TWO STEPS FORWARD. Three steps back. I had forgotten the bureaucracy of the French government. French bureaucrats in notary offices, post offices, banks, and, worst of all, mayors’ offices had all (I was convinced) taken a secret oath to demand documents from innocent citizens and noncitizens (especially) that would and did destroy entire rainforests every year. In triplicate and embossed with meaningless but impressive-looking stamps. Particularly unimportant documents were additionally adorned with tricolor ribbons. Yes, the Dark Ages were back, and nowhere did they seem more officially documented than here in the Land of the Beret Basque.
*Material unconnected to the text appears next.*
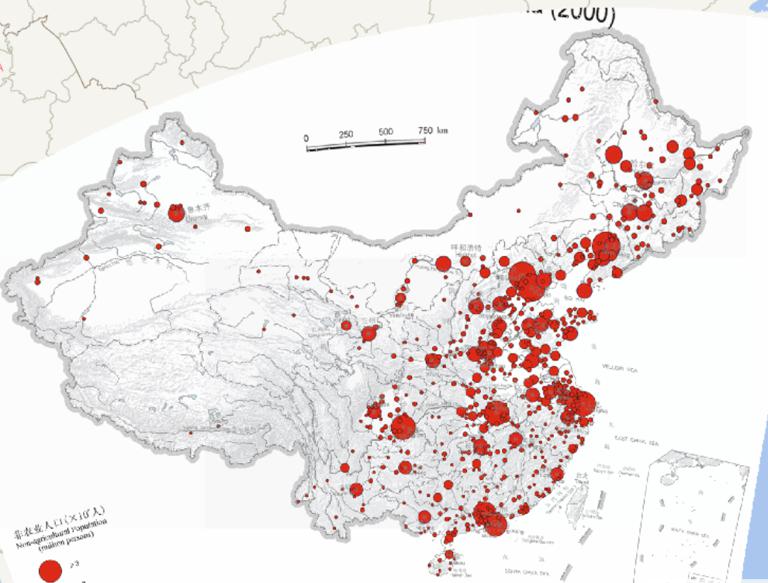 中国主要城市人口在线地图（2000年）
On this third Monday in May, the fifth attempt to get into the bank after one of the two hundred–plus saint’s day closings, lunch closings, and someone being sick, and the funeral of someone’s eighth cousin seven times removed, I was ushered past the faded-burgundy-velvet-roped lines to the hushed, carpeted confines where real money loitered. M. Landuran gave me a pinched look, shook my hand, and motioned toward a hard-backed chic white leather chair that swiveled with the slightest provocation.